Now, state Rep. Matthew Hill (R-Jonesborough) has asked the state Department of Education to review the school system’s safety procedures, reports WJHL TV.

“(W)e have two within less, less than 24 hours of each other, we’ve got some, there’s obviously some systemic problems, either with the hiring process or we are obviously finding out now that some folks in leadership, potentially high up leadership, is not following the law, and is not following the safety procedures with drug testing, drug screening, and we don’t even know what is going on with background checks, we’ve got to check in with that as well,” Hill said.

…Saturday night when we spoke to Rep. Hill, he referred to Halliburton in our interview saying, “I also think it’s very obvious that our superintendent has some very tough questions that she’s going to have to answer sooner rather than later.”

…”The department of education is the state agency that’s in charge and responsible with overseeing the safety procedures, and so I’ve formally invited them to come to Washington County and I believe they will be doing that here soon to take a closer look at our safety procedures,” Hill said.

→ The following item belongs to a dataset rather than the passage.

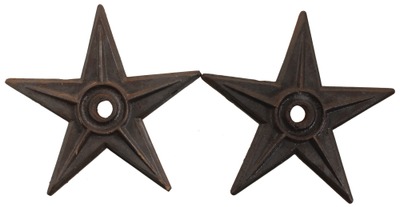 Millers Falls Company, Millers Falls, Massachusetts: Two Early Cast Iron Five-Point Stars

2 Responses to Legislator seeks state review after one school bus driver falls asleep, another charged with DUI

  • Michael Lottman says:

    These recent school bus mishaps, plus the conviction of the driver in the horrible Chattanooga bus crash, have brought to the fore once again the issues of school bus safety (as a subissue of school safety in general). One major component of this issue is whether seat restraints (seat belts) should be required for all or most school transportation vehicles (I believe Rep. Joanne Favors’ bill on this issue is still pending in the legislature); other items that remain to be addressed include requirements for bus-monitor staff on certain buses in addition to (or possibly in lieu of) protective devices, other needed administrative policies and procedures related to school bus safety, and a determination as to the level of compliance and the effectiveness of bus safety procedures that have been previously enacted by the legislature. This would be the time to address all these issues, along with the obvious question of safety from gun violence in schools, and perhaps other related items as well. The legislature, which has done nothing of consequence to date, would do well to take on the question of school and school bus safety, which affects so many children and families, before they head out of town this year in a rush to re-elect themselves. And taking on these questions does NOT mean appointment of more commissions and task forces to report in the distant future–it means ACTION NOW, because these problems are not going to get better while we wait.

  • Tricia Stickel says:

    Are the school districts obligated by any law to provide transportation to government schools? There may be counties who can barely afford buses no less conversion filled with seat belts. Be careful what you wish for.